Les pages de l’histoire de France, de notre histoire commune, s’écrivent, se tournent au détour d’une rhétorique belliqueuse relayée par l’exécutif, par le gouvernement, par les médias, par les réseaux sociaux. Les réseaux sociaux enflent cette rhétorique de manière virulente. Certains emploient à nouveau et sans gêne, sans complexe, une terminologie spécifique à la dictature nazie à l’encontre de cette « minorité visible ». Cette  « minorité » est la source des maux d’une partie de la population qui adhère pleinement et consent à prêter allégeance à l’extrême-droite. Cette extrême-droite rend ses adhérents vassaux d’un système incapable de se renouveler. Son système décline et égrène, à perte, les discours passés et passéistes, négationnistes, antisémites, racistes du fondateur de l’extrême-droite. Enfin cette dernière est connue encore pour sa conception manichéenne de notre société et du monde, conception à la source du refus et du rejet de l’autre, de l’altérité et de leurs richesses insoupçonnées.

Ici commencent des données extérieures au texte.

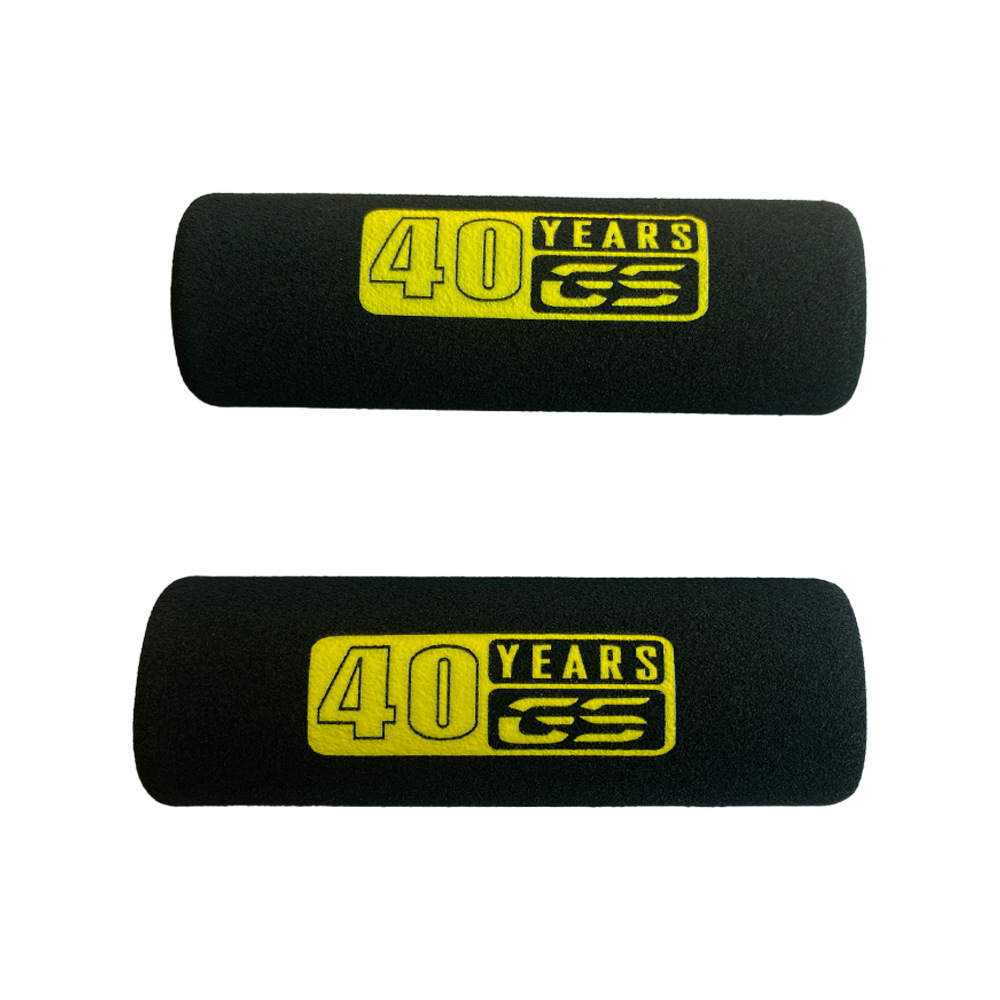 Suitable for Bmw F650Gs F700Gs F750 F800 F850 40Th Anniversary Sponge Handle Cover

De l’étiquette de « minorité visible » au concept de diversité visible
Comment inciter les politiques et nos concitoyens à abandonner cette expression de « minorité visible » pour le concept de diversité visible ? Dans le morphème diversité, sont accolés le préfixe latin « di » qui signifie deux et une forme issue du supin « versus » qui provient du verbe, vertere -tourner- en latin. La symbolique est essentielle grâce à l’étymologie : une société commence à deux et cette société « tourne », autrement dit elle s’agrandit grâce aux brassages de population au fil des siècles et de l’histoire de la France. Cette diversité évoque un autre terme : « anniversaire » qui étymologiquement signifie « une année tourne ». Quand une « année tourne », une société « tourne » : elle change. Tourner peut être conçu comme un changement.

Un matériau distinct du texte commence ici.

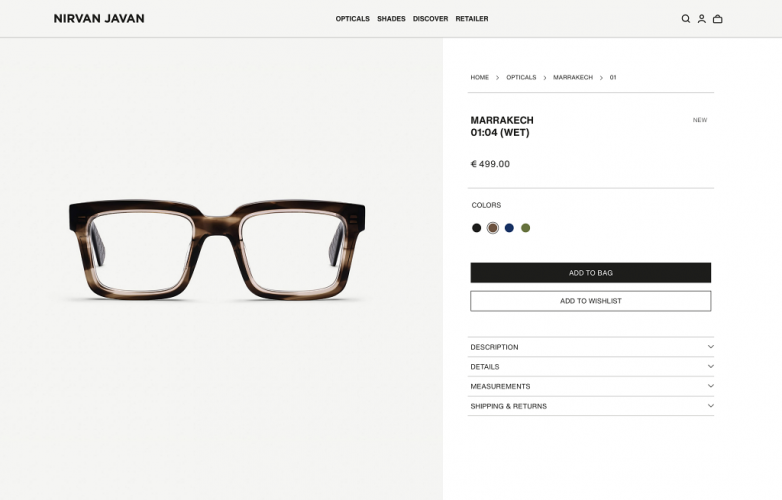 Nirvan Javan screenshot 1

Et il s’avère nécessaire et primordial que notre rhétorique et que notre langage s’enrichissent indéfiniment de l’expérience des uns et des autres. Faire abstraction de la dimension empirique est une erreur. Car les mots, les expressions s’emploient après avoir été inscrits dans un pan de notre histoire commune qui ne cesse d’être en marche au passé, au présent et dans l’avenir. Le terme diversité traduit mieux ces changements positifs ou négatifs ou stables selon le contexte socio-économique et culturel dont est issu chaque individu. Et le concept de diversité visible est le mieux approprié pour apaiser les consciences. En effet, ces dernières veulent s’affranchir de cette expression de « minorité visible », ô combien douteuse et controversée.
Elle n’a plus lieu d’être utilisée en vue de construire le vivre-ensemble au sein de notre société, notre vivre-ensemble pour souder notre nation. Pour parodier Jean-Paul Sartre, l’existence de notre société dans sa diversité précède son essence : une nation, une et indivisible. Refuser de l’admettre signifie entretenir une pléthore de préjugés contre lesquels lutter s’avère indispensable. Ainsi il est possible d’ atteindre le progrès et le bonheur -collectif- tant défendus par les philosophes des Lumières, tant chéris par la Révolution de 1789 et par les Républiques successives. Nourrir un projet pérenne dans une conscience collective et partagée, fédérera, unira notre société : les mots se meuvent grâce au progrès et au bonheur auxquels une nation aspire.